The tariff spat between the two countries continues to intensify.
In response to Ontario's announcement of a 25% surcharge on electricity exports to the US, President Trump threatened via social media on March 11: "If Canada does not rescind other severe and long-standing tariffs, the US will significantly raise tariffs on Canadian cars entering our market on April 2. This will effectively shut down Canada's auto manufacturing industry, as these cars can easily be manufactured within the US."
Trump's remarks garnered widespread attention in the US and prompted a swift response from Canadian leaders. Canadian Prime Minister Mark Carney immediately denounced Trump's comments as 'reckless', arguing that they not only harm the economy but also further erode the trust built between the two countries over the long term. Prime Minister Carney made it clear that Canada will take further retaliatory measures if necessary, while emphasizing the need to resolve the dispute through diplomatic channels.
Meanwhile, Ontario Premier Doug Ford stood firm in his decision, emphasizing that Canada will not bow to external coercion and firmly refuses to accept any unfair trade terms. However, the US government has remained relatively silent on this issue, seemingly unwilling to further engage in the intense confrontation led by Trump. This tit-for-tat situation foreshadows a trade war that could seriously affect the economic lifeblood of both countries.
Cross-border Production Shocks Continue
The Canadian auto industry, long considered one of the country's largest economic pillars, employs over half a million workers directly and indirectly. Many major automakers have assembly plants in Ontario, producing models for both the domestic market and substantial exports to the US.
Take Toyota Canada as an example. Its Woodstock plant has been producing the RAV4 model since 2007, while the Cambridge plant has been producing the Lexus RX 350 and RX 450h since 2003 and 2014, respectively. Both models are favored by markets in both countries. Statistics show that about 50% of all Toyota vehicles sold in Canada in 2014 were manufactured domestically, with a significant portion exported to the US.
Furthermore, among the 'Detroit Three,' General Motors' Oshawa assembly plant in Ontario has long produced various models, including the Ford Edge and Lincoln Nautilus, for both the Canadian and American markets, with vehicles exported to the US market. Stellantis' Windsor assembly plant produces models like the Chrysler Pacifica and Dodge Grand Caravan, which are also popular among North American consumers. However, facing potential high tariffs, the Canadian auto industry stands at a critical juncture with a bleak outlook.

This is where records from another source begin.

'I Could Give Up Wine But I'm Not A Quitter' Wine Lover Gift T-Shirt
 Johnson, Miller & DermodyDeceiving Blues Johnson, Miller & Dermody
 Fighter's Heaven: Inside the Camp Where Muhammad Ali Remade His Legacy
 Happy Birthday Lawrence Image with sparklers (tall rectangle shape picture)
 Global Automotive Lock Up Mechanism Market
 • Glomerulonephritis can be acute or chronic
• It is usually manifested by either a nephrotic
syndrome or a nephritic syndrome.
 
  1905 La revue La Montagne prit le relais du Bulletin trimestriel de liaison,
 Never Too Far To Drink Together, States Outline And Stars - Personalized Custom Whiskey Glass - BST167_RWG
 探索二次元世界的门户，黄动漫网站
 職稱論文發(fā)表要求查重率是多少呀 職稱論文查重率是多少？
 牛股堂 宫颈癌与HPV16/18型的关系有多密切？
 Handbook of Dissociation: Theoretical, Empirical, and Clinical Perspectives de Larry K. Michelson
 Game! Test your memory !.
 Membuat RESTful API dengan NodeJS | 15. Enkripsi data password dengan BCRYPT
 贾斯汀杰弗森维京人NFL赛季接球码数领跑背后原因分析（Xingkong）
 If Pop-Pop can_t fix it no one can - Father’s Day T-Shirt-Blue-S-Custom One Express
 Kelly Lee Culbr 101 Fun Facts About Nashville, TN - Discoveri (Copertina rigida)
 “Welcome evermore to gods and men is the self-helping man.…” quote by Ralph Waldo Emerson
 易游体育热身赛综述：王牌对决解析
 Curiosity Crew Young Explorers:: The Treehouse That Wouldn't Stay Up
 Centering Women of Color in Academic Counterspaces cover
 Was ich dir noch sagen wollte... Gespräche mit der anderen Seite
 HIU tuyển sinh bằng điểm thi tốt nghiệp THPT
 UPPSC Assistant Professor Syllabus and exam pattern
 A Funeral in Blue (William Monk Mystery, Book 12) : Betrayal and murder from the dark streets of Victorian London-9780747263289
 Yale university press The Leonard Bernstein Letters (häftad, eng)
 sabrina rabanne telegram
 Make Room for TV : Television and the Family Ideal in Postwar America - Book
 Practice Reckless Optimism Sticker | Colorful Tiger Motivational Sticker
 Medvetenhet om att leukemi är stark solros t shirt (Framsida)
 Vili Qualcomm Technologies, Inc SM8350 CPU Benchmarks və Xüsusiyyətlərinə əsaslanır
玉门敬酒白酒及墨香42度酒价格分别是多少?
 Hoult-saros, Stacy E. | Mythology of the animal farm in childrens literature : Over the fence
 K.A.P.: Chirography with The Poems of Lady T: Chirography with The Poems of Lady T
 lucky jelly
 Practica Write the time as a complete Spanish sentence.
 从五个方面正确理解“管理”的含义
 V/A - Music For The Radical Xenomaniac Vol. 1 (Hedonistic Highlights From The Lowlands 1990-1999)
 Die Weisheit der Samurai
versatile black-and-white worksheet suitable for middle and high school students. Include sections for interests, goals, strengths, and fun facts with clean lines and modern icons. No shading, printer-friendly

On March 18, executives from the 'Big Three' automakers—General Motors, Ford, and Stellantis—found themselves in unprecedented collective anxiety. During a call at the White House, they learned that Trump would proceed as scheduled to impose a 25% tariff on imported Canadian cars on April 2. This call shattered all their previous hopes of securing an extended buffer period. Auto executives emphasized that Trump's policy would severely disrupt cross-border supply chains, causing enormous shockwaves throughout the industry. They also realized that under the current circumstances, the concessions they could secure were already at their limit, and further resistance seemed futile.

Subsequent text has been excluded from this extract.